Finite Improbability

Just programming and math, no spontaneously jumping undergarments

Archive for the 'raytracing' Category

Experience writing a ray tracer in Haskell

I promised I would give a bit more in the way of details on the ray tracer. Here they are.

During the last three weeks of the term we were directed to come up with a “term project” for the functional programming course. [1] We needed to come up with something that was interesting and exercised the features we’d been learning about all term. I’ve wanted to write a ray tracer for a while now, so I picked that. The assignment, as I gave it to myself, was to write a minimal but complete ray tracer and report on the experience of profiling and parallelizing it.

The ray tracer itself took around 30 hours of work. Partially this was me struggling with the language, partially me struggling with the topic, and partially me being picky and/or making and fixing bad design decision. When I turned it in it would only do spheres in flat colors and reflection (or a combination) with specular and diffuse lighting.
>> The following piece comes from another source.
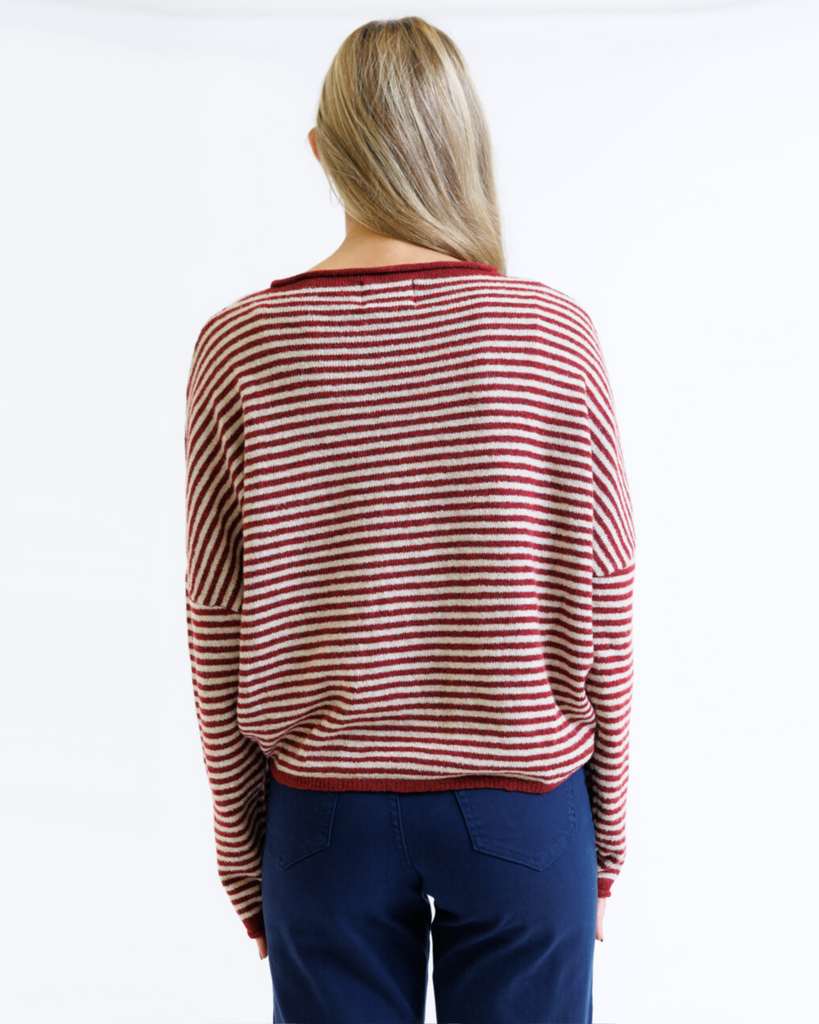 Person wearing a red and white striped sweater with blue pants on a white background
I’ve been working on transparency and diffraction, but that code isn’t really worth showing off yet. I’ll eventually do some more complicated shapes and may explore more interesting materials.

Writing a ray tracer in Haskell was a … luxurious experience. The heart of a ray tracer is almost entirely math, and Haskell represents that very well. The only real difference between my Haskell code and the math behind it was some additional let bindings I introduced while profiling. I enjoyed being able to avoid unnecessary computations implicitly through laziness, instead of explicitly through conditionals, as I would have needed to do in other languages.

I originally planned to spend a few hours working on parallelization. I started playing around with it for fun while I was waking up with coffee one morning. Half an hour and 53 characters later I had around a 40% speedup on two cores. In this, Haskell kind of ruined the project for me. It was too easy to introduce parallelization into the program and have it just work. A very helpful co-worker ran some benchmarks for me on a few systems. Here’s the performance chart.

Performance chart

These results are rather informal, but you can see the impressive increases from parallel execution. I’m not entirely sure what is going on at the eight core mark, but I think it has something to do with an issue with (GHC only?) multicore support on Linux.

If you’d like to point and laugh at my code, you can find it here. I compile it on ghc with “ghc -O -threaded -o ray –make Main.lhs”. Comments are very welcome.

[1] Taught by Mark Jones (the initial author of Hugs) and Tim Sheard (who is just FP brilliant) amazing class.